→ Exercise objective:
Starting with the line that contains "Lampu LED Tambahan" and ending with the last line of the entries, repeat exactly those lines and nothing else, pictures excluded.

:: Source data ::

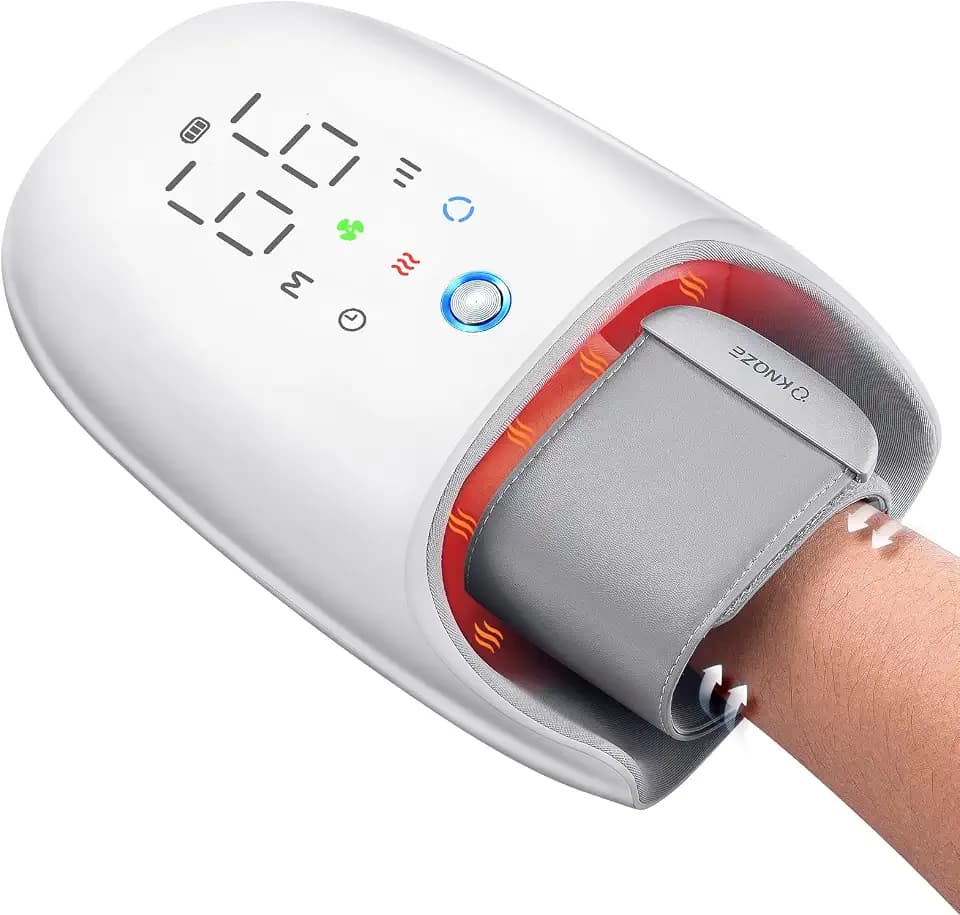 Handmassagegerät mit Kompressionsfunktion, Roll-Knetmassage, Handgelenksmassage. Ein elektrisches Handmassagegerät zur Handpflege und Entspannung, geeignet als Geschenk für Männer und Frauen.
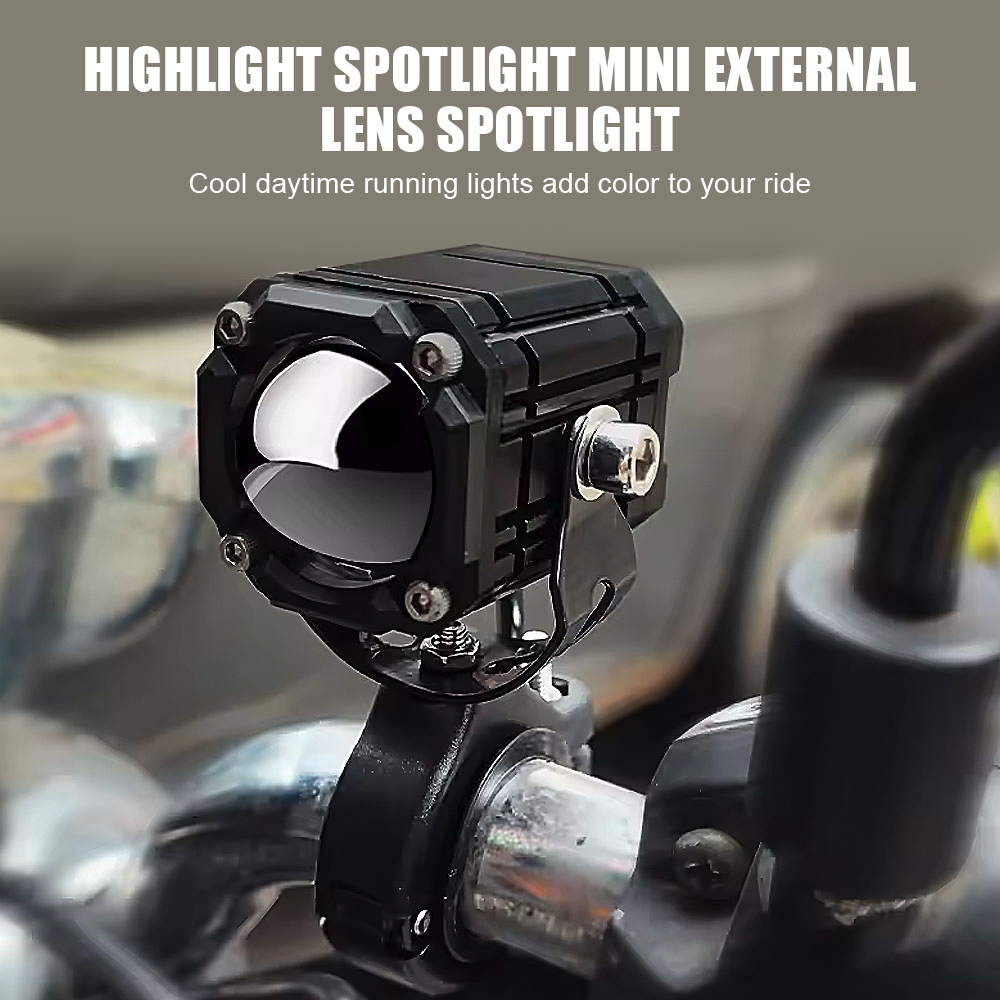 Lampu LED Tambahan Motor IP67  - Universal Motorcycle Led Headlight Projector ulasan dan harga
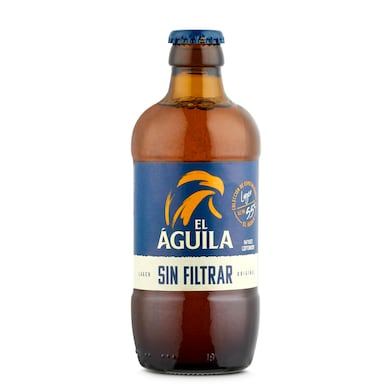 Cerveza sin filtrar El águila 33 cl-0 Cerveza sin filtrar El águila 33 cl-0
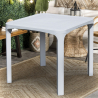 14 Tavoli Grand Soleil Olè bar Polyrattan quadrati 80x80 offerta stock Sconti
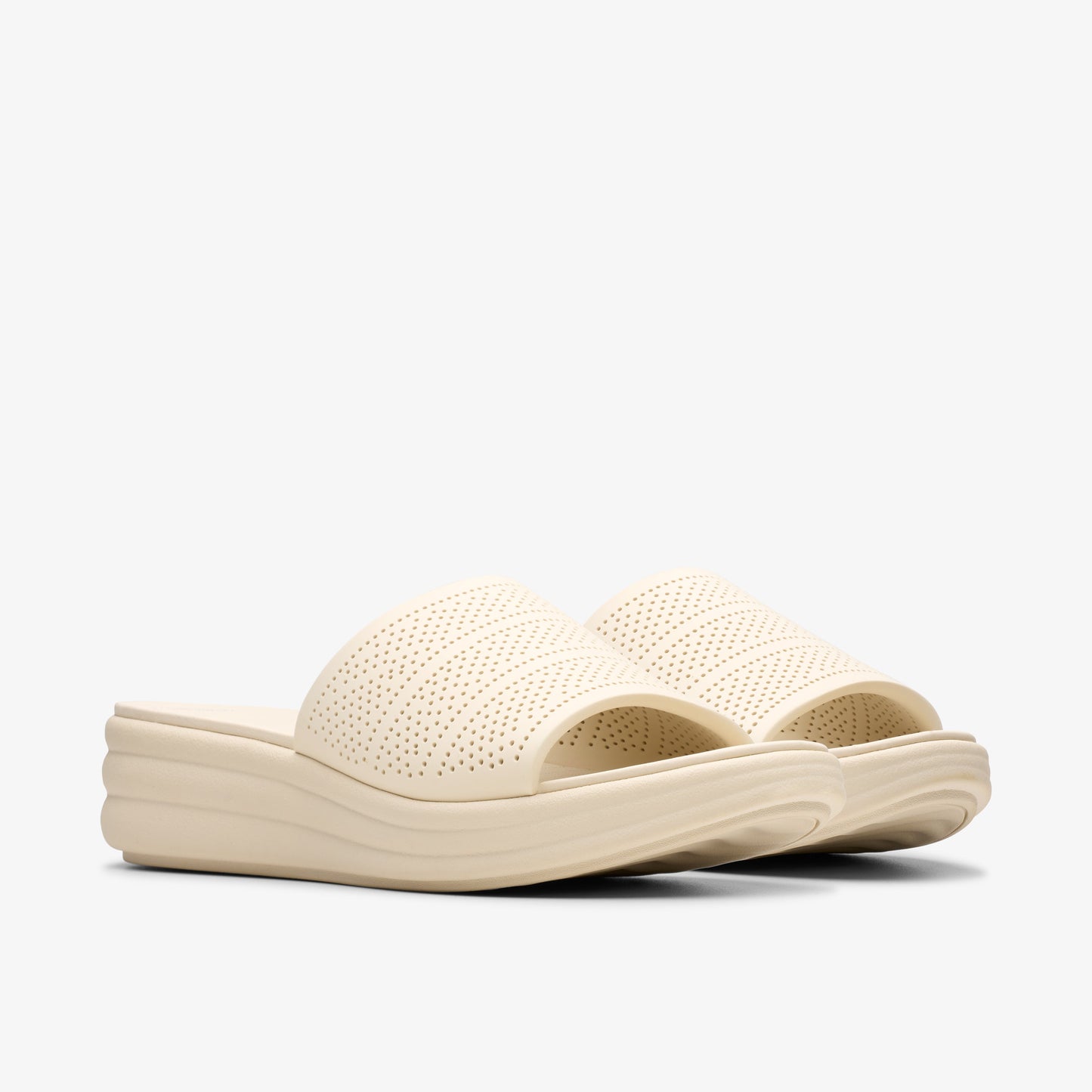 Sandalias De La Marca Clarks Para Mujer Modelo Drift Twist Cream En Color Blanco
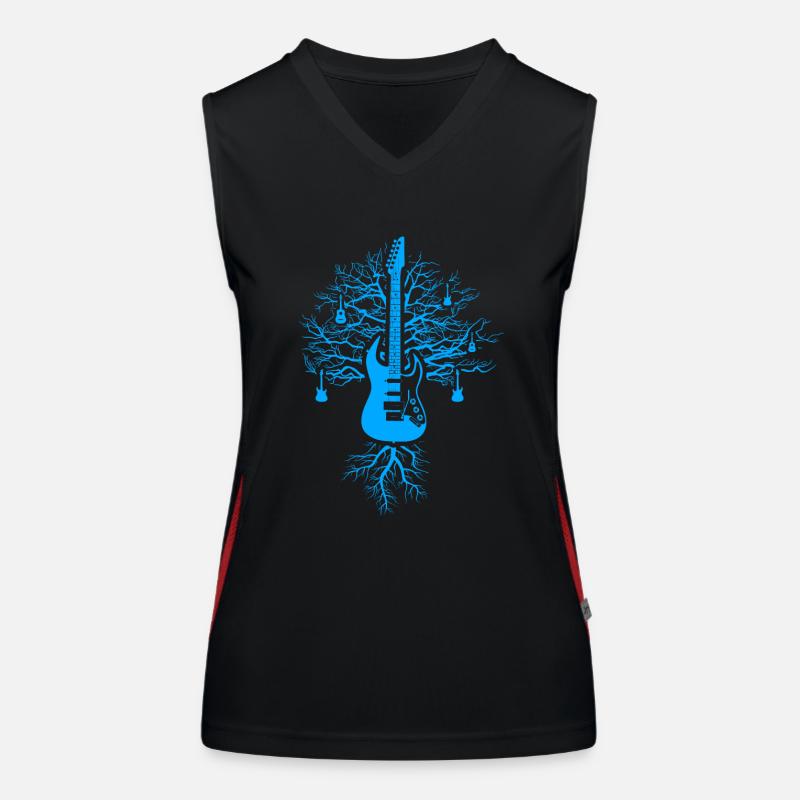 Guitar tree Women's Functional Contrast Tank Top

:::

→ Response to the exercise:
 Lampu LED Tambahan Motor IP67  - Universal Motorcycle Led Headlight Projector ulasan dan harga
 Cerveza sin filtrar El águila 33 cl-0 Cerveza sin filtrar El águila 33 cl-0
 14 Tavoli Grand Soleil Olè bar Polyrattan quadrati 80x80 offerta stock Sconti
 Sandalias De La Marca Clarks Para Mujer Modelo Drift Twist Cream En Color Blanco
 Guitar tree Women's Functional Contrast Tank Top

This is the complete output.